Après le trop classique mais élégant Crime de L'Orient Express en 2017, puis un affreux Mort sur le Nil noyé par des fonds verts beaucoup trop visibles, Hercule Poirot revient pour une nouvelle adaptation de la reine du polar, Mystère à Venise.
Visiblement amoureux de l'œuvre d'Agatha Christie, Kenneth Branagh a choisi d'être à la fois devant et derrière la caméra pour moderniser les enquêtes du célèbre détective belge Hercule Poirot, le plus fin limier de son temps. En développant notamment le passif de son personnage tout en proposant des films aux allures de fresques, cette trilogie de «whodunit» mise avant tout sur une brochette de stars pour s'entretuer à chaque volet.
Librement adapté de la nouvelle Le crime d'Halloween d'Agatha Christie, le film nous immerge en 1947 dans un huit clos au sein d'un palais vénitien décrépit. Hercule Poirot tente de vivre une retraite paisible dans la Venise d'après-guerre malgré les nombreuses sollicitations qu'il reçoit. La veille de la Toussaint, il est convié par une amie autrice à une séance de spiritisme dans le palazzo d'une cantatrice qui souhaite entrer en contact avec sa fille récemment décédée.
Alors qu'il était censé assister à cette expérience paranormale afin d’en percer la supercherie, il s'avère qu'un meurtre va être commis. Comme à son habitude, notre détective moustachu va donc boucler la bâtisse afin de démasquer le meurtrier. Sauf que cette fois, il va devoir confronter son esprit cartésien au surnaturel, puisque l'endroit semble… hanté.

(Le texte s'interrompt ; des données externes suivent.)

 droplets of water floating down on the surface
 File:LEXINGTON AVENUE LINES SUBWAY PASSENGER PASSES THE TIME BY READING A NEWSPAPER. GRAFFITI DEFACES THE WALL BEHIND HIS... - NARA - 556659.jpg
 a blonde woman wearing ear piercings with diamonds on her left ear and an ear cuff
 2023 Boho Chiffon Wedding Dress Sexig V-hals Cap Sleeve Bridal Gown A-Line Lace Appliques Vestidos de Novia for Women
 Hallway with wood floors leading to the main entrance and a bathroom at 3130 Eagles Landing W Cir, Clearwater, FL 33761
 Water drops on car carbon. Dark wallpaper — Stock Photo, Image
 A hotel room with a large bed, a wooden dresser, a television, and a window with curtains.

Si le précédent volet Mort sur le Nil laissait place à un film très coloré aux allures de bouillie numérique pour recréer une Egypte des années 1930, Mystère à Venise prend le parti d'offrir un véritable et très beau décor baroque, celui d'un palais au cœur de la Sérénissme. Cette fois, point de panorama au rendu artificiel comme dans ses deux précédentes adaptations, Kenneth Branagh filme Venise, la vraie, avec un très beau sens du macabre.
L'intrigue qui prend place le soir d'Halloween permet à Venise de se vêtir d'un drap bien particulier qui donne au métrage une allure de film d'épouvante. La cité des Doges y est sublimée avec ses lagunes brumeuses et son architecture gothique. Le palazzo en pleine décrépitude est un ancien orphelinat au lourd passé, avec son carrelage, ses hauts plafonds, qui durant cette nuit d'enquête sera balayé par un orage. Tout dans le film respire le cinéma fantastique dont la mise en scène emprunte parfois à des ténors du genre.

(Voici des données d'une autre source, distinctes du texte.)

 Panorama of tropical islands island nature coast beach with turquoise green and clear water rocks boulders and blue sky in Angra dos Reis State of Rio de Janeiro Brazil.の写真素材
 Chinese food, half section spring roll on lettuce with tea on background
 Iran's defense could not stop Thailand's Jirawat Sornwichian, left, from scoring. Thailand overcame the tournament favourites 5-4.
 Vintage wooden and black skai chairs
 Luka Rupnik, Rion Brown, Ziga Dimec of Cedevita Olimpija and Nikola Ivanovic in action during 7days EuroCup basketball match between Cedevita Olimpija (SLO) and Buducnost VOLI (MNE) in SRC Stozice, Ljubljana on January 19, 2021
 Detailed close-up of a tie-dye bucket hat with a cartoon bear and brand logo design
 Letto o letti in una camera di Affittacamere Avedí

En effet, le réalisateur n'hésite pas à abuser d'effets tape à l'œil, en exagérant ses perspectives, inclinant sa caméra en oblique, en jouant de gros plans et contre-plongées spectaculaires. Une mise en scène qui peut paraître grotesques parfois, mais qui est justifiée par le genre auquel le film rend hommage: une histoire de fantôme, que la hantise soit imaginaire ou non.
Aidé part un huis clos qui nous coince avec ses personnages, tout est réuni pour que le metteur en scène puisse s'amuser à nous effrayer à coups de claquement de portes, de voix d'enfants et autres apparitions surprises qui répondent à tout ce que l'on attend d'une maison hantée.
Champion de cabotinage, Kenneth Branagh a tendance à en faire trop, surtout lorsque l'on voit sa prestation en version originale où son français ne trompe aucun francophone. Néanmoins, l'acteur shakespearien a dû apprendre de ses erreurs puisque que contrairement aux opus précédents, il offre une prestation un peu plus nuancée, moins caricaturale et donc moins agaçante.
Parmi les nombreux protagonistes, on retrouve cette fois un peu moins de stars que d'habitude. Dans le lot, c'est l'actrice récemment oscarisée Michelle Yeoh qui fait le show avec son rôle de médium aussi élégante qu'excentrique au cœur de l'enquête. On retrouve également Camille Cottin, qui apporte une touche frenchy bienvenue parmi cette brochette d'acteurs anglo-saxons dans un rôle de gouvernante énigmatique qui s'avère être le personnage le plus intéressant.
Si Le Crime de l’Orient-Express et Mort sur le Nil n'avaient pas particulièrement convaincu, Mystère à Venise s'avère être le moins pire des trois, ou le meilleur, c'est selon.
Le climat angoissant excelle en cache-misère d'un scénario parfois à la peine. En effet, comme tout récit d'investigation, le film ne tient qu'à son climax consistant à révéler le tueur et ses motivations dans un monologue rassemblant les pièces du puzzle devant les suspects. Sauf qu'ici, les suspects sont caricaturaux à l’extrême, ce qui rend la résolution de l'intrigue relativement courue d'avance pour peu que l'on soit friand de polar.
En résulte un film oubliable, d'une trilogie oubliable et dont la saveur tient surtout à son ambiance horrifique qui devrait plaire aux amateurs de films de minuit. Mystère à Venise reste néanmoins une chouette séance du samedi soir qui se vit comme un Cluedo filmé où l'on découvre que c'était le Colonel Moutarde dans le bibliothèque avec un chandelier.
Mystère à Venise est un film de/avec Kenneth Brannagh, Camille Cottin, Michelle Yeoh et Tina Fey. Sortie dans les salles romandes le 13 septembre 2023.